Exercise goal
Line by line, transcribe the data below exactly and pass over the images.

Dataset content

---

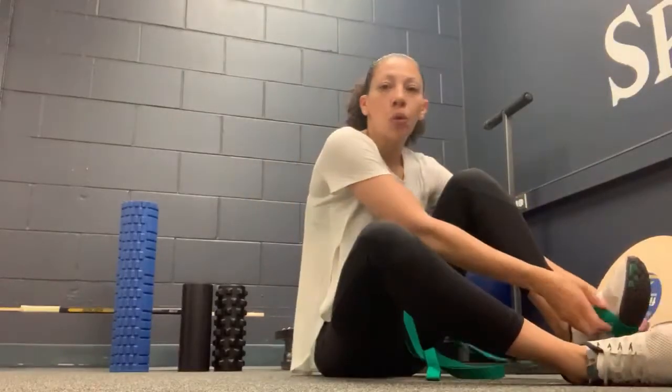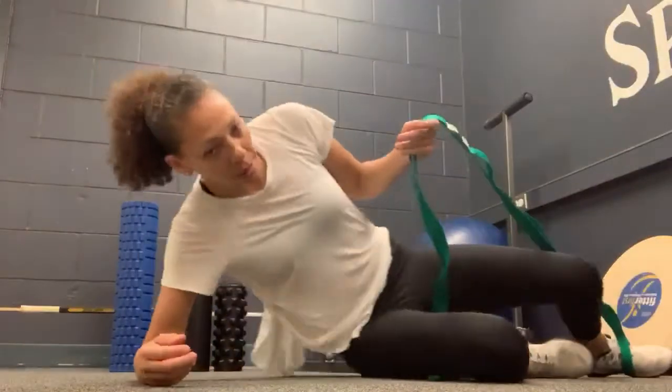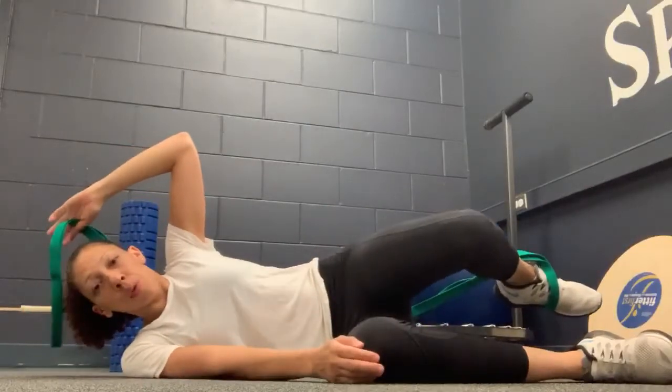This is our active hip extension with overpressure. I'm using a rope to help this time. Laying back, this leg is bent 90 degrees. Remember, the leg that's being stretched is the one that's doing all the work.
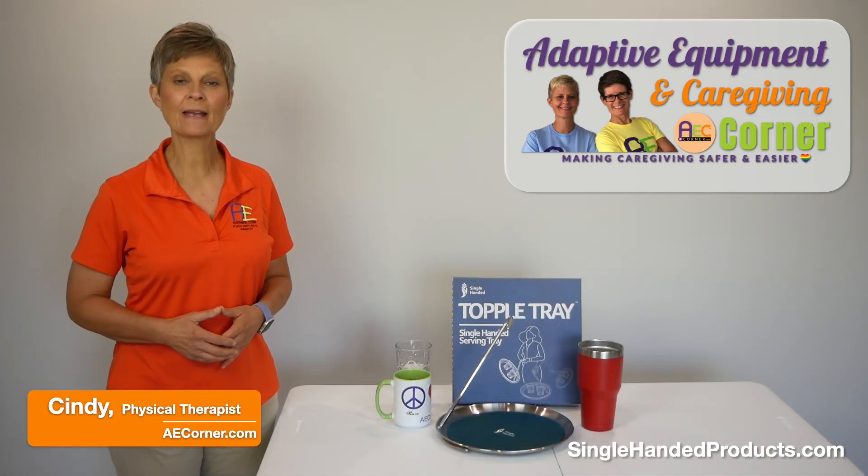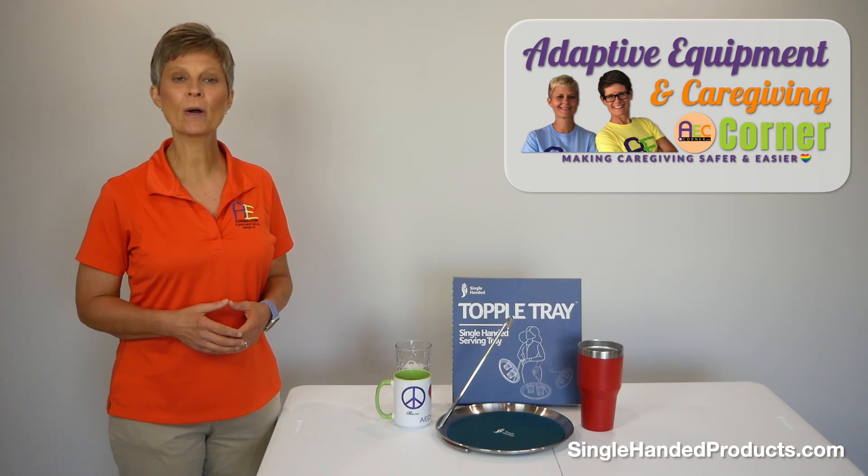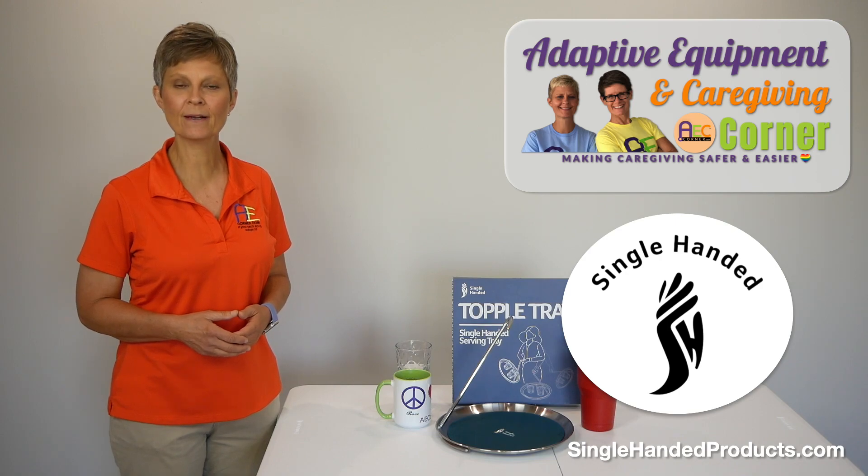Cindy here, Physical Therapist with Adaptive Equipment and Caregiving Corner. Today we are going to take a look at a product called the Topple Tray, sent to us by the kind people at singlehandedproducts.com.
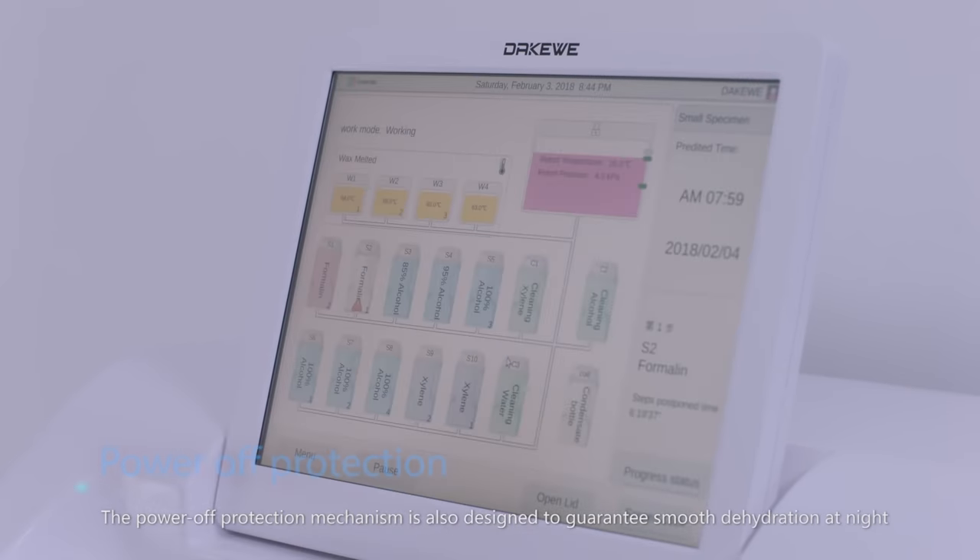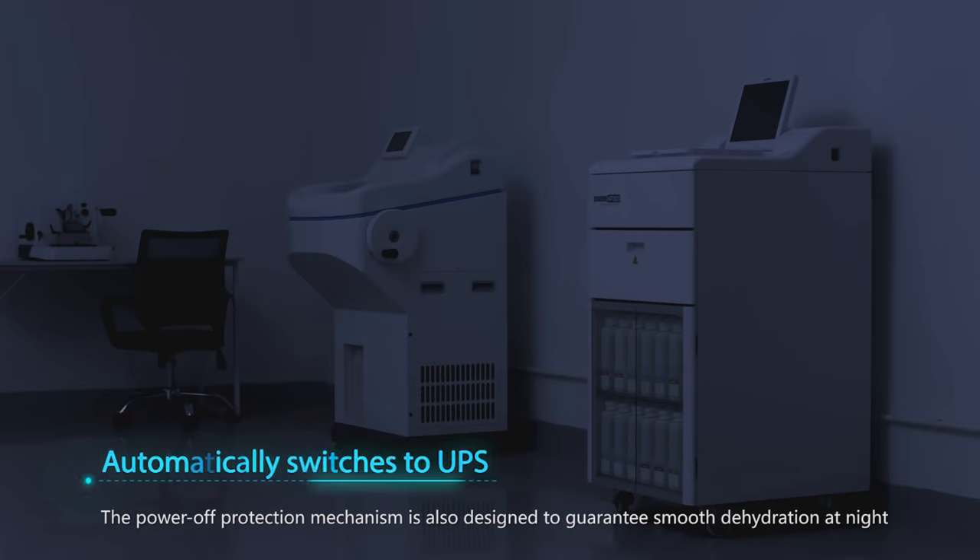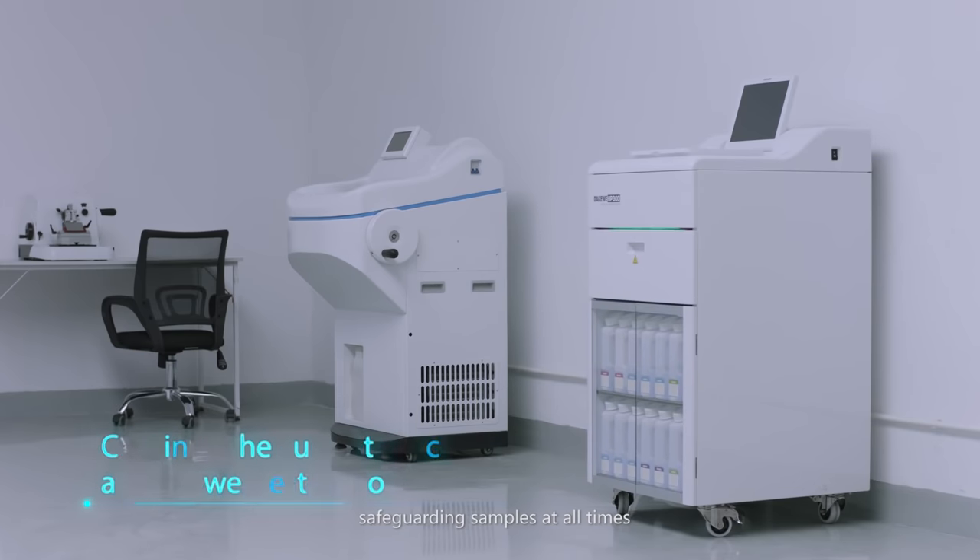The power-off protection mechanism is also designed to guarantee smooth dehydration at night, safeguarding samples at all times.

---

The completed task
This is our active hip extension with overpressure. I'm using a rope to help this time. Laying back, this leg is bent 90 degrees. Remember, the leg that's being stretched is the one that's doing all the work.
Cindy here, Physical Therapist with Adaptive Equipment and Caregiving Corner. Today we are going to take a look at a product called the Topple Tray, sent to us by the kind people at singlehandedproducts.com.
The power-off protection mechanism is also designed to guarantee smooth dehydration at night, safeguarding samples at all times.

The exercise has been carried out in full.